Tesla recalls thousands of cars
Tesla has recalled the Model S and Model X in the US.
The American electric car maker issued a voluntary recall for about 135,000 of its high-priced sedans and SUVs built between 2012 and 2018 for a faulty touchscreen.
According to the National Highway Traffic Safety Administration (NHTSA), which is the organisation that handles recalls in the US, a failed touchscreen could pose a significant safety risk.
Issues that could arise are a loss of reversing camera, exterior turn signal lighting and windscreen defogging functions that may decrease the driver's visibility in inclement weather.
A review by the NHTSA said Tesla confirmed that all touchscreen units will inevitably fail given the memory device's finite storage capacity.
According to Reuters it was reported many owners complained Tesla required owners to pay and replace the unit once warranties expire.
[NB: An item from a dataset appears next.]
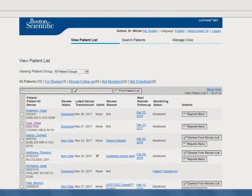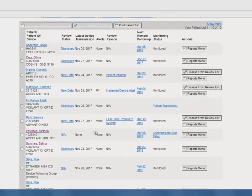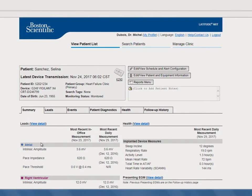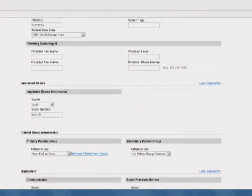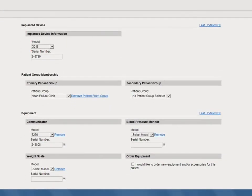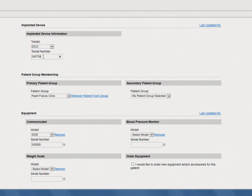After a patient has their device replaced, simply find the patient in Latitude Next and click on their name. Next, click on the Edit View Patient and Equipment Information button. Scroll down to the Implanted Device section and update the patient's implanted device model and serial number. Please note that updating the patient's implanted device information immediately removes access to the previous implanted device data, so it is important to print out any follow-up or alert history prior to saving the update.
Tesla has since said it will replace the defective part and reimburse customers who paid to replace the failed unit.
Tesla Australia has not issued a recall for local vehicles.
The company's local arm doesn't report its sales figures, but it is understood that there are several thousand Model S and Xs on Aussie roads that could have a similar issue.
Both models sold in Australia come from the same factory in the US as the machines recalled.
Tesla first started selling the Model S in about 2014 and the Model X followed a few years after.
The Model S is the brand's flagship machine and has just been upgraded with a new Plaid+ mode, which brings mind-bending performance.
Outputs are pushed to extremes with 1100 horsepower, or 820kW, of grunt produced from a combination of three electric motors.
This would make it Australia's most powerful car, smashing machines from Ferrari and Lamborghini.
Tesla claims this will help push the electric sedan from 0-100km/h in less than 2.1 seconds.
The Tesla Model X won't have the Plaid+ version, but will have to make do with the slightly slower Plaid mode, which boasts 760kW of grunt and a 0-100km/h sprint time of 2.1 seconds.